=== Begin Enclosure ===

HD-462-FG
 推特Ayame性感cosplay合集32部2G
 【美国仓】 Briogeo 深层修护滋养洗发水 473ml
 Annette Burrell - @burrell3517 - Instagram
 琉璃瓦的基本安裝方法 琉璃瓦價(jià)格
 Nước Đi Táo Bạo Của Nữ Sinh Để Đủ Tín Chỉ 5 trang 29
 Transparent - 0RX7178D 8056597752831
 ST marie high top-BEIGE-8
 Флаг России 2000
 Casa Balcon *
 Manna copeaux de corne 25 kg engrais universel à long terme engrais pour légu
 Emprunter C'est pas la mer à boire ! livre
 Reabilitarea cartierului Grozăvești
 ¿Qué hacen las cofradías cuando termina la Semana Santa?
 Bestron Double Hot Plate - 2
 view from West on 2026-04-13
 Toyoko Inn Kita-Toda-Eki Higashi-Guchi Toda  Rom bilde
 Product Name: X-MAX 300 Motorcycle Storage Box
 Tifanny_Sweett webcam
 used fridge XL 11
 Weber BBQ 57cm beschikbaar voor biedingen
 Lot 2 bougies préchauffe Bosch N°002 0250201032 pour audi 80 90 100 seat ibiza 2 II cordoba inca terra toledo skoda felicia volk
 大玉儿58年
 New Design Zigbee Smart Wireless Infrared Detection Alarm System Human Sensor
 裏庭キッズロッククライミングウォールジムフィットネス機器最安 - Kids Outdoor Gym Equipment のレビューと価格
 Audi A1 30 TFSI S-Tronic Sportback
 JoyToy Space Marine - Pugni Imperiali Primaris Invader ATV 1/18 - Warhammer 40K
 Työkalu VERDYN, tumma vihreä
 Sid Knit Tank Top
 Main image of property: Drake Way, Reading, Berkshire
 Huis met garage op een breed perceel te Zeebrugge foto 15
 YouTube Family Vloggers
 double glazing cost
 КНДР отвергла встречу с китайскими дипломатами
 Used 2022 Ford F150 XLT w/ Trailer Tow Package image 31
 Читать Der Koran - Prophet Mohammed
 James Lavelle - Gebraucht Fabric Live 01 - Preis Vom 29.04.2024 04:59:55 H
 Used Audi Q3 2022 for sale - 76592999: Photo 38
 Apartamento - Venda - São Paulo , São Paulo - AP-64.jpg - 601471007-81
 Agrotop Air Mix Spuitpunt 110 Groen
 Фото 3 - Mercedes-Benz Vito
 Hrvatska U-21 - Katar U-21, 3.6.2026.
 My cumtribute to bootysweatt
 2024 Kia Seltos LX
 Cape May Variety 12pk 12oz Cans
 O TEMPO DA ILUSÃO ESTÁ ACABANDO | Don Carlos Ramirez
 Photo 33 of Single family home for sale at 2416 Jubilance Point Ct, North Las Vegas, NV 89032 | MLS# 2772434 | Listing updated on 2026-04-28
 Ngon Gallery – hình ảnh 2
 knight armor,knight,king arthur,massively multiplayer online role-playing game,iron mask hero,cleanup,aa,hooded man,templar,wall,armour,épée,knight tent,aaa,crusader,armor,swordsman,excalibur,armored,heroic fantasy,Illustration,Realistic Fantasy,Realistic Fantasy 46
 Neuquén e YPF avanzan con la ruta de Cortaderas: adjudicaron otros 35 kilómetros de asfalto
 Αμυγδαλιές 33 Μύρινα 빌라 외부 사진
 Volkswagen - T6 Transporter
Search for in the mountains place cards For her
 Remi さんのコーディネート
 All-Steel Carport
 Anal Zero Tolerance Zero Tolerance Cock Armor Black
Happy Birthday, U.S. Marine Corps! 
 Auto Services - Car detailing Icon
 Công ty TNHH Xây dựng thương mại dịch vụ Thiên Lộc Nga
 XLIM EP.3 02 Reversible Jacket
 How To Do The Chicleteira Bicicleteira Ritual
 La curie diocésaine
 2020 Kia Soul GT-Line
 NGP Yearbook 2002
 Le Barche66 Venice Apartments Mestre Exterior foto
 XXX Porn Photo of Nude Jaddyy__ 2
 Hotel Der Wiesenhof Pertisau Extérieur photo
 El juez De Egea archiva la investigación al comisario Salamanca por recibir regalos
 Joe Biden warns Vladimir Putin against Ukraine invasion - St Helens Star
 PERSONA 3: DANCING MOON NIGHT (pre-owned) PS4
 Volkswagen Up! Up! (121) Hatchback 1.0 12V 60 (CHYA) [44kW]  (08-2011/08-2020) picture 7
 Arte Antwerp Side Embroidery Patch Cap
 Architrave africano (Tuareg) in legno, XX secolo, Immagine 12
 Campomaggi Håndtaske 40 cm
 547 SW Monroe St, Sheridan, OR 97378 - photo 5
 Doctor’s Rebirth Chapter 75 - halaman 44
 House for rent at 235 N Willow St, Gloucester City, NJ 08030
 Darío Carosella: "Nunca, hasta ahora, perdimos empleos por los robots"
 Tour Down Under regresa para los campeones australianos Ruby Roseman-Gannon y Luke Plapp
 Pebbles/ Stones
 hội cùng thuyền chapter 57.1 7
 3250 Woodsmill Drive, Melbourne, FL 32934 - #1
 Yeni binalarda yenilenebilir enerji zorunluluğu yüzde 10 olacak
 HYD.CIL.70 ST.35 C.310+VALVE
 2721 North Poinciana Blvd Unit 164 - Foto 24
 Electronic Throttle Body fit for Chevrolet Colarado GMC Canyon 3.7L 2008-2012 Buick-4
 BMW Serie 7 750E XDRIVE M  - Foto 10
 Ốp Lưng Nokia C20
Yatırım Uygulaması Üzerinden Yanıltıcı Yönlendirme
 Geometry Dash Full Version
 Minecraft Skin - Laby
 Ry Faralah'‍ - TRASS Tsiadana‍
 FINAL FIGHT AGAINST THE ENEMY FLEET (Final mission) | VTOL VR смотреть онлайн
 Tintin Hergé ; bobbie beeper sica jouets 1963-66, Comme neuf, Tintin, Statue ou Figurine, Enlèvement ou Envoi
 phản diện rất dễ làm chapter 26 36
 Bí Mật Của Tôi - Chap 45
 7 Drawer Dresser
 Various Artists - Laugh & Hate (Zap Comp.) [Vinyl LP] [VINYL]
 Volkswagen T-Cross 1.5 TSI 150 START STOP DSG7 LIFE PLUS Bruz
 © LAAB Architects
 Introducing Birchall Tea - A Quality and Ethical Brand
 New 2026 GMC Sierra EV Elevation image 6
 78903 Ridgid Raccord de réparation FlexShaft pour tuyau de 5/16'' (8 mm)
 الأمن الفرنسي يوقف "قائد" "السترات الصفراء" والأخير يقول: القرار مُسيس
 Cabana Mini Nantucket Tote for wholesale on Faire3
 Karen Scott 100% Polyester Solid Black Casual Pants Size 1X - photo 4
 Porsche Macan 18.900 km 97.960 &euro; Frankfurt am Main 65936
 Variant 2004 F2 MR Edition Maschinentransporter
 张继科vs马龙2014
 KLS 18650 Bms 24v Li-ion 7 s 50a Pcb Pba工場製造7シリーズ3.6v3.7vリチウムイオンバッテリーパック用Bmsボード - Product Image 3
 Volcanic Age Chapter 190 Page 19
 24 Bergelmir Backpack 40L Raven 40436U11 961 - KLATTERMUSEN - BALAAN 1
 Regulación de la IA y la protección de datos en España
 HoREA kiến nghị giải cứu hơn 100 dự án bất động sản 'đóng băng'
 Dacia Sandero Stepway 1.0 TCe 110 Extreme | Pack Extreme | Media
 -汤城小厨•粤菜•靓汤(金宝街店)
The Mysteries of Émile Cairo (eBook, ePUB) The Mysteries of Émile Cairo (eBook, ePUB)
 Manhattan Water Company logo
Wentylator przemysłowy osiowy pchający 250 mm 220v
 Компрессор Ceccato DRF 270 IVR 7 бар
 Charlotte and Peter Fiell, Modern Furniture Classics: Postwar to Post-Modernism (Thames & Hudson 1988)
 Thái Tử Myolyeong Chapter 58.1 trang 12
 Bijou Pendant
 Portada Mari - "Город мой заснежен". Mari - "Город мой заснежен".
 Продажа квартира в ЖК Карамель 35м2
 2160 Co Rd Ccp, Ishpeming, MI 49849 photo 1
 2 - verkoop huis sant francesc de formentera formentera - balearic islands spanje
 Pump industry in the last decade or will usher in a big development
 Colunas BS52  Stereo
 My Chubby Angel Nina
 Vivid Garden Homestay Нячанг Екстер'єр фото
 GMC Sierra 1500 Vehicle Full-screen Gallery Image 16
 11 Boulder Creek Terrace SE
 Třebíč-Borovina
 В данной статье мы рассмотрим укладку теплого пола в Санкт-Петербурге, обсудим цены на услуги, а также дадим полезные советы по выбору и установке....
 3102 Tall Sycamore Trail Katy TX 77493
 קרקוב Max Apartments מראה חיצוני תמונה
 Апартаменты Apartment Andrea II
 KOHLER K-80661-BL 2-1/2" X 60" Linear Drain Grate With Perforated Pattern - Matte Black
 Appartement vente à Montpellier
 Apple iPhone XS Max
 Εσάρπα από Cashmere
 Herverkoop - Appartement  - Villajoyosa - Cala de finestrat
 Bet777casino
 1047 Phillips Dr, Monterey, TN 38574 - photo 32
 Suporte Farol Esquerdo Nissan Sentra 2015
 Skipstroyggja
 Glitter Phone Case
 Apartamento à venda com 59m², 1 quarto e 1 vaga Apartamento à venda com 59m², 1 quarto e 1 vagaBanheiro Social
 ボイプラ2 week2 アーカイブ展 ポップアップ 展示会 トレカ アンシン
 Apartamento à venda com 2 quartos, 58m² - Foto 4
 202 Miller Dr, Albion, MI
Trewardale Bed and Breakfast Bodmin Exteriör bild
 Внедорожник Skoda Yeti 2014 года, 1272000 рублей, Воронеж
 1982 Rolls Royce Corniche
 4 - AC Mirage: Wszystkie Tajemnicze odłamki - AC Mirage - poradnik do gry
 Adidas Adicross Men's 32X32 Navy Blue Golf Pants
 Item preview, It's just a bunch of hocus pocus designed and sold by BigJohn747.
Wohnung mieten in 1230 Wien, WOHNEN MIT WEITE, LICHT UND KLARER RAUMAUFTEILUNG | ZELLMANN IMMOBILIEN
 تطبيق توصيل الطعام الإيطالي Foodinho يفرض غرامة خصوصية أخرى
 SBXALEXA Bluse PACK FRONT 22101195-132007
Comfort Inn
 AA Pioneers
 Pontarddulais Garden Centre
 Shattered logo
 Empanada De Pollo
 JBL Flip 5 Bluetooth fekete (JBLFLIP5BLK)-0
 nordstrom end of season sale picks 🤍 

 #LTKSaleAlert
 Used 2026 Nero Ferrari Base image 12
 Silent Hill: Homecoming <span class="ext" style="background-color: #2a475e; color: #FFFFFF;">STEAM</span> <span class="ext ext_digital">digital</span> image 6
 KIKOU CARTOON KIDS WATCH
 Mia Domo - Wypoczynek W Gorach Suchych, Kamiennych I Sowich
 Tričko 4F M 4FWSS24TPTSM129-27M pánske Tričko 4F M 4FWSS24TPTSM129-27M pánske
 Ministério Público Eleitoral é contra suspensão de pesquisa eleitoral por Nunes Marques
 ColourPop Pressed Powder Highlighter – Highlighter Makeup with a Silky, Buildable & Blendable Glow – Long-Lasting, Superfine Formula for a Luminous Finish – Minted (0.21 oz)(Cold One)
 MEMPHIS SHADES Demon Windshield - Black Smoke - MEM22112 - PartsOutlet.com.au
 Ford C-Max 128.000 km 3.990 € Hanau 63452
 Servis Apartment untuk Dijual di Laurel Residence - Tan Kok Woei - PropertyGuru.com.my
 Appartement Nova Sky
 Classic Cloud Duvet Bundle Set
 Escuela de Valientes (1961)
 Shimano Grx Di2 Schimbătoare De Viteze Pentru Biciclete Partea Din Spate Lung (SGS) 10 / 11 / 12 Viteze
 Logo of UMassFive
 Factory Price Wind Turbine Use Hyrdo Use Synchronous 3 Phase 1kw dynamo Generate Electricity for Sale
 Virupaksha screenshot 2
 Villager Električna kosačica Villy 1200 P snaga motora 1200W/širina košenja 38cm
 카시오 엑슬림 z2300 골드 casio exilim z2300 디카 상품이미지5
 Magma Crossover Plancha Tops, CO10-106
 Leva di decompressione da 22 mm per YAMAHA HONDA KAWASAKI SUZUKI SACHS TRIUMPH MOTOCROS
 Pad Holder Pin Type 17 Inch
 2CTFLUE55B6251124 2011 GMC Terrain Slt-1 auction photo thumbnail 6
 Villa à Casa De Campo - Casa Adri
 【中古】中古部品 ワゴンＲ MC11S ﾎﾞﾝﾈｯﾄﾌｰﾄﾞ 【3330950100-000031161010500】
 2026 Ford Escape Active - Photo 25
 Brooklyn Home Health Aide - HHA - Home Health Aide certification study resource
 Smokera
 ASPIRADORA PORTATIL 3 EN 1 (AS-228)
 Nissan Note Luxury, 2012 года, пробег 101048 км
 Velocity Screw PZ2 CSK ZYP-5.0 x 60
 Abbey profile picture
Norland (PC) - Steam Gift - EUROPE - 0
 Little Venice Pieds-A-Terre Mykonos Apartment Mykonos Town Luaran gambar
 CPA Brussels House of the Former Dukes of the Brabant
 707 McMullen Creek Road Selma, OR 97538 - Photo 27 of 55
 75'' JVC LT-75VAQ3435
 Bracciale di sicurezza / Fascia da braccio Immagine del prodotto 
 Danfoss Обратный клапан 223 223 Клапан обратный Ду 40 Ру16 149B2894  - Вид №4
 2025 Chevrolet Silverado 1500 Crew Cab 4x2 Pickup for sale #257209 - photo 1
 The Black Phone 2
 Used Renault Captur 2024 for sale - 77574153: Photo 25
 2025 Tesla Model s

=== End Enclosure ===

Among the entries above, copy exactly only the lines starting with the one containing "1047 Phillips Dr, Monterey, TN" and going through the one containing "تطبيق توصيل الطعام", both ends included.

RESULT FOR THIS TASK
 1047 Phillips Dr, Monterey, TN 38574 - photo 32
 Suporte Farol Esquerdo Nissan Sentra 2015
 Skipstroyggja
 Glitter Phone Case
 Apartamento à venda com 59m², 1 quarto e 1 vaga Apartamento à venda com 59m², 1 quarto e 1 vagaBanheiro Social
 ボイプラ2 week2 アーカイブ展 ポップアップ 展示会 トレカ アンシン
 Apartamento à venda com 2 quartos, 58m² - Foto 4
 202 Miller Dr, Albion, MI
Trewardale Bed and Breakfast Bodmin Exteriör bild
 Внедорожник Skoda Yeti 2014 года, 1272000 рублей, Воронеж
 1982 Rolls Royce Corniche
 4 - AC Mirage: Wszystkie Tajemnicze odłamki - AC Mirage - poradnik do gry
 Adidas Adicross Men's 32X32 Navy Blue Golf Pants
 Item preview, It's just a bunch of hocus pocus designed and sold by BigJohn747.
Wohnung mieten in 1230 Wien, WOHNEN MIT WEITE, LICHT UND KLARER RAUMAUFTEILUNG | ZELLMANN IMMOBILIEN
 تطبيق توصيل الطعام الإيطالي Foodinho يفرض غرامة خصوصية أخرى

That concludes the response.